▶ Work required:
Once "Camilla Delft Dynasty" turns up in a line below, reproduce that line and those after it exactly, stopping after the line with "Onyx Quatrefoil Gold Plated Necklace"; leave pictures out.

▶ Exercise material:
____

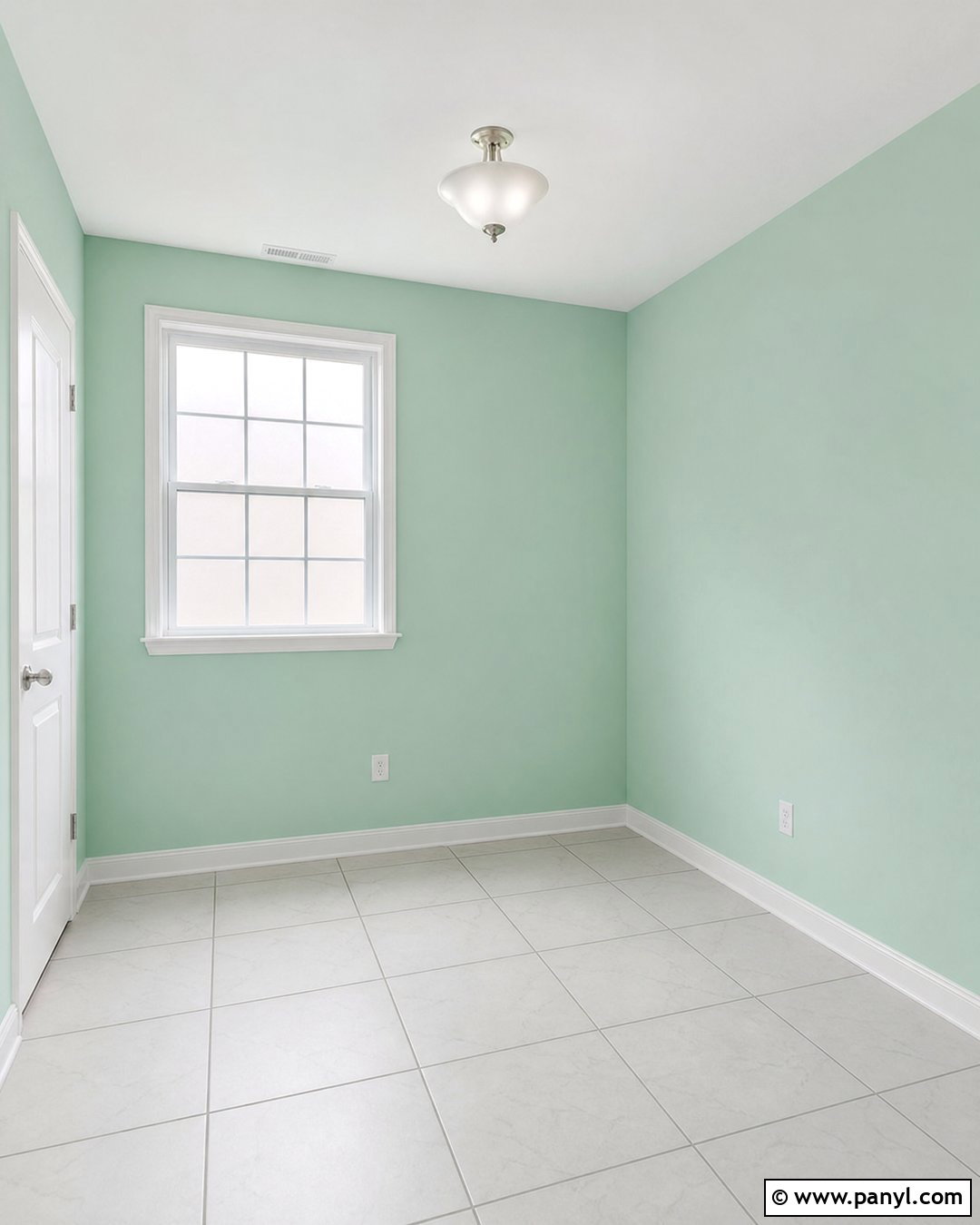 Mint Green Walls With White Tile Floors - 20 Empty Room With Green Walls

____

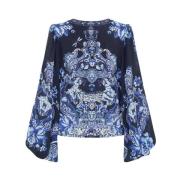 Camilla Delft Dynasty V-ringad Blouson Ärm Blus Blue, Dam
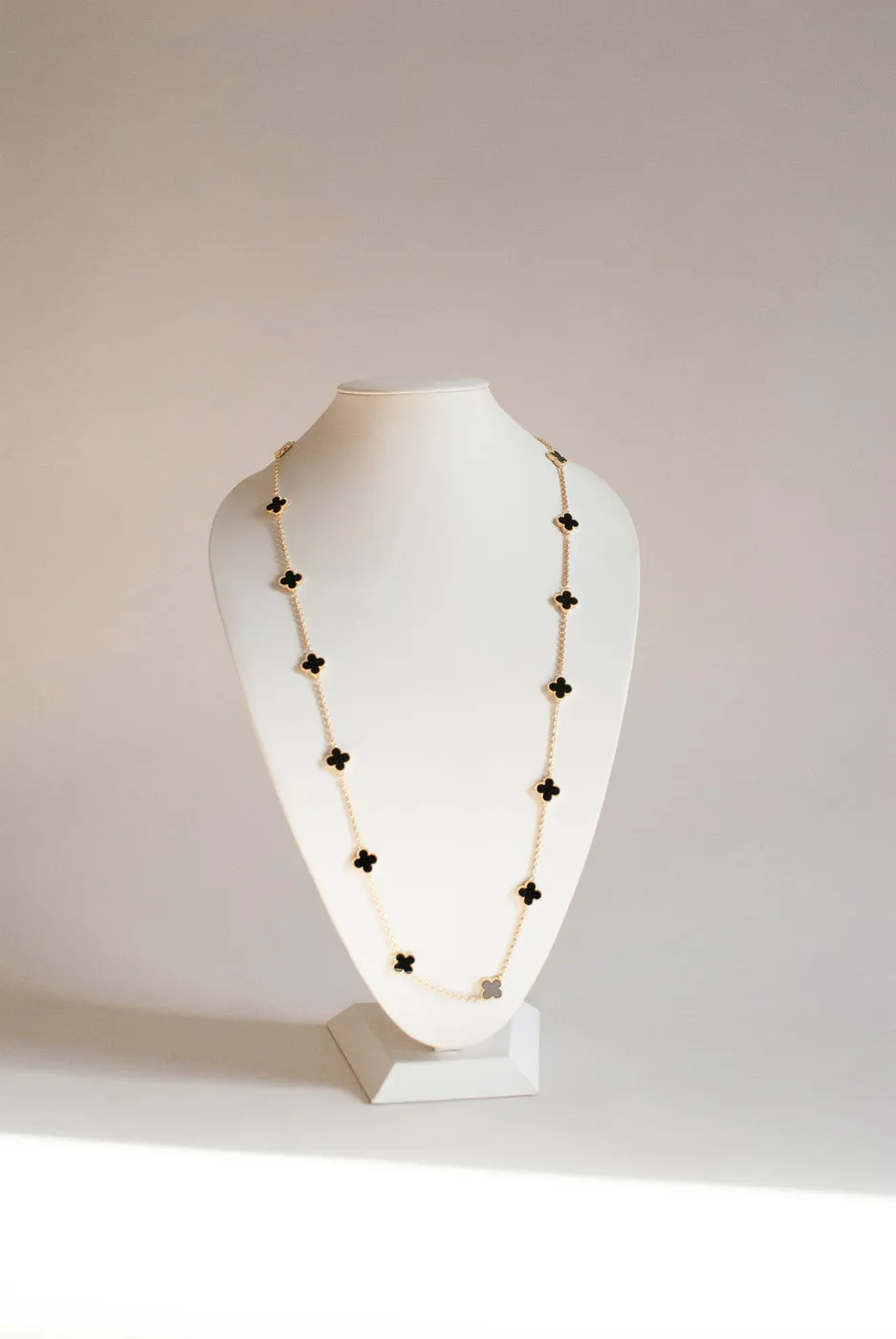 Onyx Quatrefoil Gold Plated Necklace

____

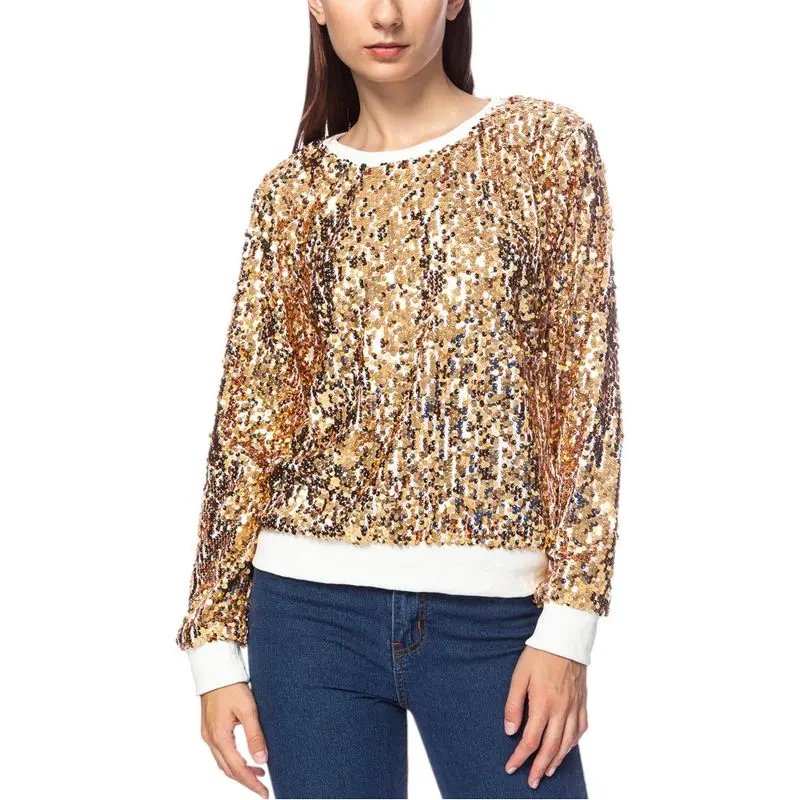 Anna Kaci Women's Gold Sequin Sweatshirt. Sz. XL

____

▶ Exercise result:
 Camilla Delft Dynasty V-ringad Blouson Ärm Blus Blue, Dam
 Onyx Quatrefoil Gold Plated Necklace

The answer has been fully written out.